Saturday, August 30, 2008

Where The Fuck Is Agricola?!

I preordered Agricola in December, and it still hasn't turned up. Frankly, I've got the shits with everyone involved in the process, and I certainly won't be preordering from Z-Man ever again. I've held my tongue about this for a long time but it hasn't helped. This has been an absolute cock-up. I also have no interest in dealing with Lookout Games in the future after Hanno's hysterical outburst on BGG.

It'll probably be here on Monday, now that I've blown my stack.

Wednesday, August 13, 2008

The Bitches Love ASL

I'm a big fan of solitaire gaming (because the quality of opponent is higher :-) so I've been faintly thinking for a long time about some more serious solitaire war-gaming. Anything by Richard Berg just seems to be appallingly complex, but my Facebook friend MerricB has good things to say about ASL SK1, so I've been thinking about trying that. Coincidentally a local gamer offered to sell me his, so I bought it and tried to play it today on our Ekka holiday (google it).

I think my dog figured out if she sat next to the board then she'd get to cuddle with me. It didn't work. All my hands were in use holding the rule book and scratching my head.

For the non-gamers in my audience, ASL is Advanced Squad Leader - a World War II squad level game. Think of it as the game of Saving Private Ryan where you're Tom Hanks' commanding officer. In this particular scenario, the Americans have occupied a French village called Vierville and the Germans are attempting to reclaim it. This is my initial set-up with Sgt O'Brien controlling the crossroads.

The Germans attack from the top and the bottom (east and west) and the American reinforcements arrive from the right (north). As there was good cover for the Germans on the left hand side of the board, and not much on the right, the Germans chose to attack from the southeast and southwest. O'Brien and his men held off the German commanding officer, forcing him to retreat into a building, but the half squad at the other end of the road was quickly eliminated.

Eventually the Germans realised they'd made an enormous strategic error by not occupying the building in hex R7 (the rightmost American unit). That unit controlled a vast area around it, and along with O'Brien they protected the entrance to the village for the American reinforcements. The Germans probably should have occupied the building even further to the north as well.

With the roads open to American reinforcements, the centre of Vierville was soon decorated with stars and stripes and apple pies and photos of Mae West, and the German forces suffered some heavy fire and were forced to retreat. They eventually sent O'Brien crying back to his mummy, but Highsmith arrived with more firepower and prevented any hope of German occupation of the centre of the village. O'Brien had won the war for the Americans!
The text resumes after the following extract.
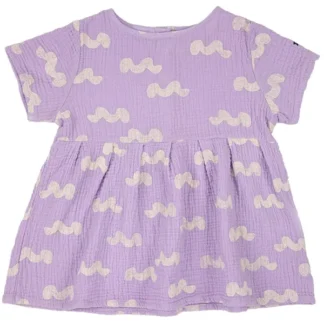 Bobo Choses Lavender Waves All Over Kjole - Bobo Choses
Overall, this was a decent experience, but I did spend an awfully long time trying to figure out all of the rules which applied to each situation. I think I've made enough sense of movement and Defensive First Fire now, and will be able to play a lot more smoothly next time. Routing (i.e. broken forces retreating, potentially under fire) wasn't so bad, but I know that I missed the rule about units which fail morale checks being degraded. I remembered it too late and decided not to apply it. I'll have to read the rule book again and play again to see how it works.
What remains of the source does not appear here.